→ Exercise objective
Copying starts at the line containing "Tug boats spraying" and stops after the last line of the records; each line is repeated exactly, and pictures are skipped.

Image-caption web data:
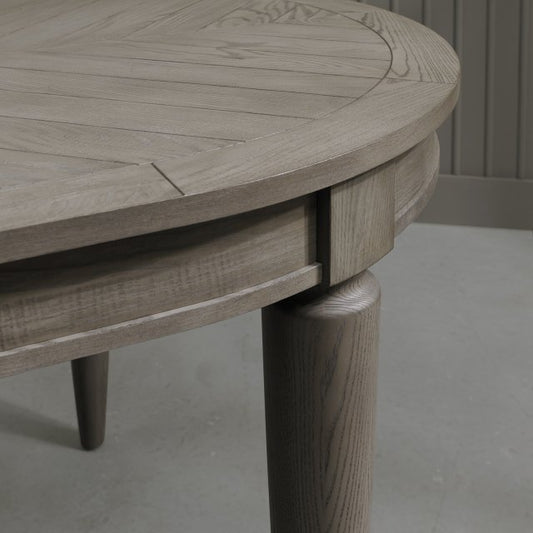 Oval shaped extending wooden dining table with saw-cut ash chevron pattern in silver grey finish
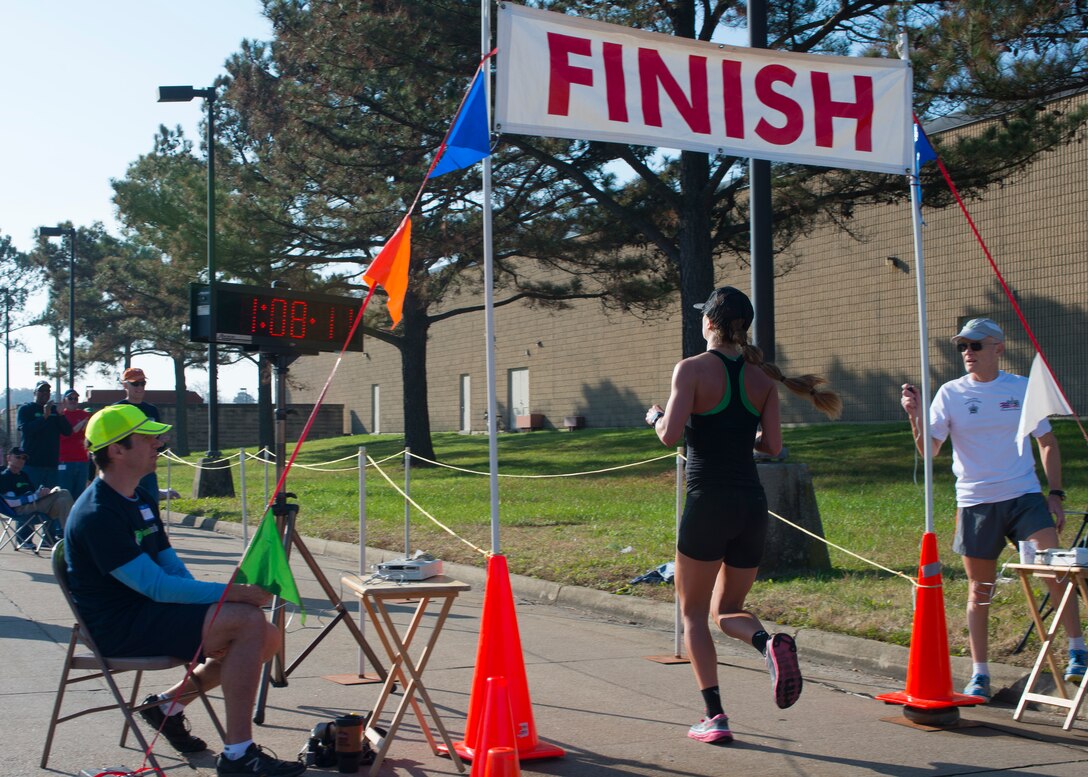 U.S. Air Force 1st Lt. Kathrine Shaw, a deputy financial services officer assigned to the 633rd Comptroller Squadron, crosses the finish line at 1:08.11 during the 5th annual “Langley Race Around the Base” at Langley Air Force Base, Va., Dec 12, 2015. Shaw was the first female to finish the 10-mile course. (U.S. Air Force photo by Staff Sgt. J.D. Strong II)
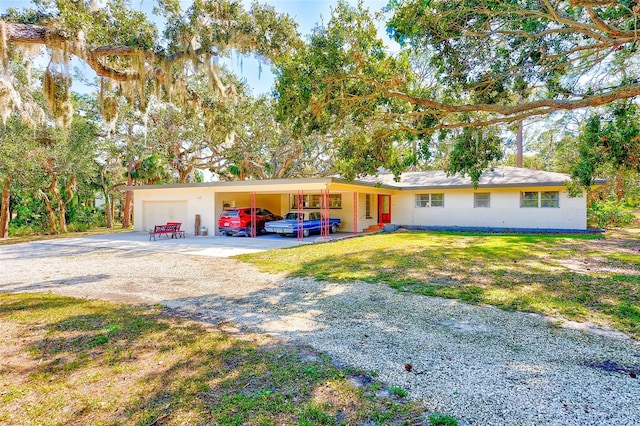 ranch-style home with a carport, a garage, and a front yard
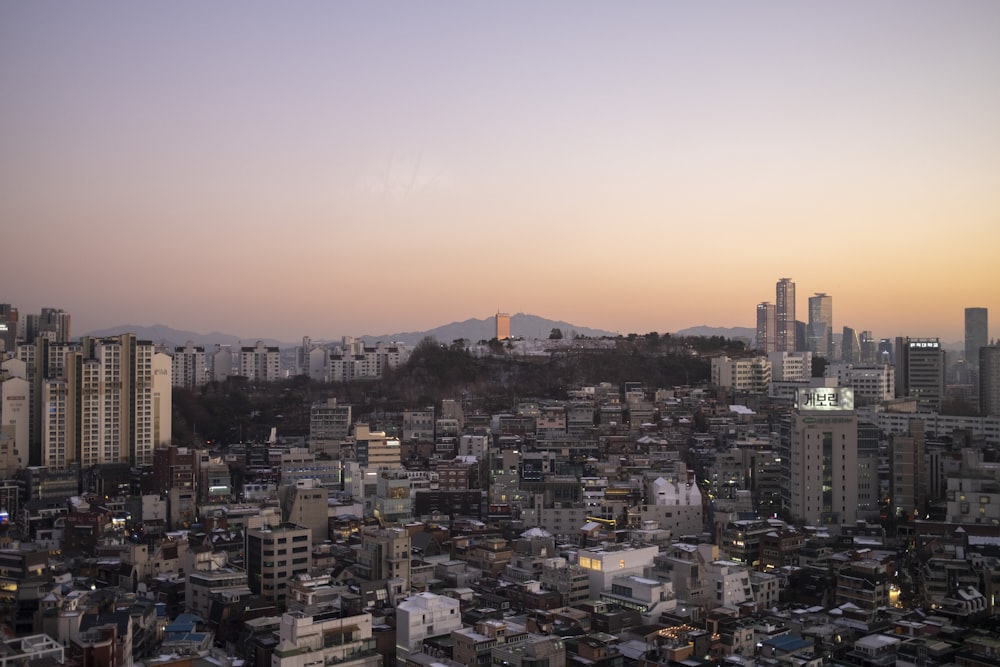 a view of a city at sunset with mountains in the background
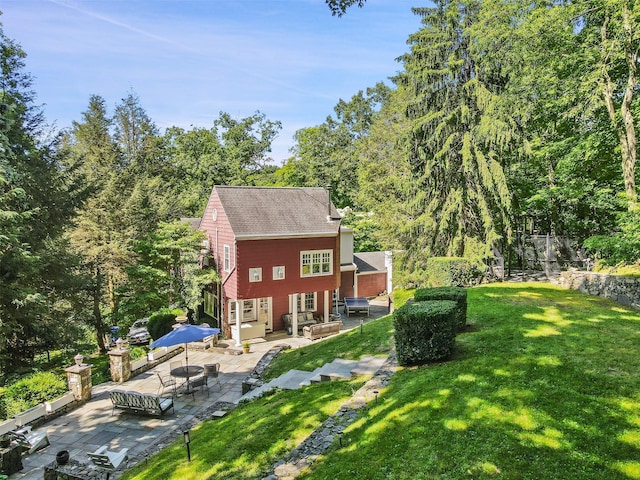 back of property featuring a patio area and a lawn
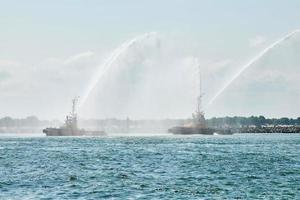 Tug boats spraying jets of water, demonstrating firefighting water cannons, fire boats spraying foam photo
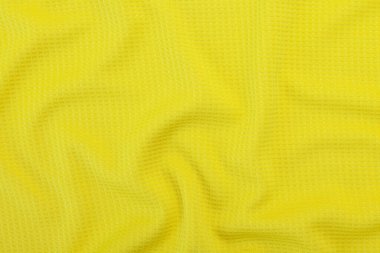 Sarı kumaş dokusu, kumaş deseni arkaplanı.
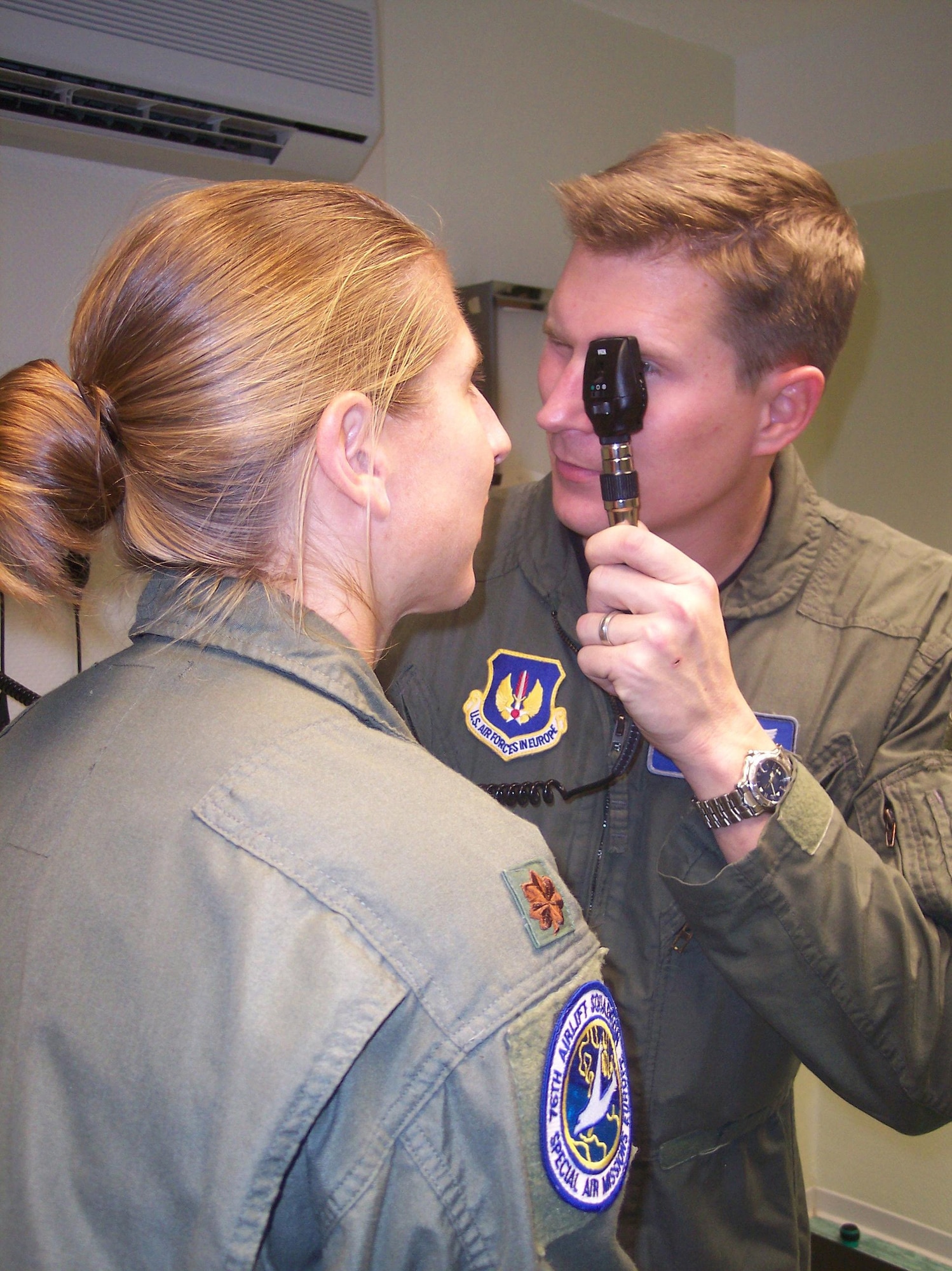 Maj. (Dr.) Mac Dunn, 435th Aerospace Medical Squadron chief of aerospace medicine, performs and eye exam on a patient. (Courtesy Photo)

→ Solution for this exercise
 Tug boats spraying jets of water, demonstrating firefighting water cannons, fire boats spraying foam photo
 Sarı kumaş dokusu, kumaş deseni arkaplanı.
 Maj. (Dr.) Mac Dunn, 435th Aerospace Medical Squadron chief of aerospace medicine, performs and eye exam on a patient. (Courtesy Photo)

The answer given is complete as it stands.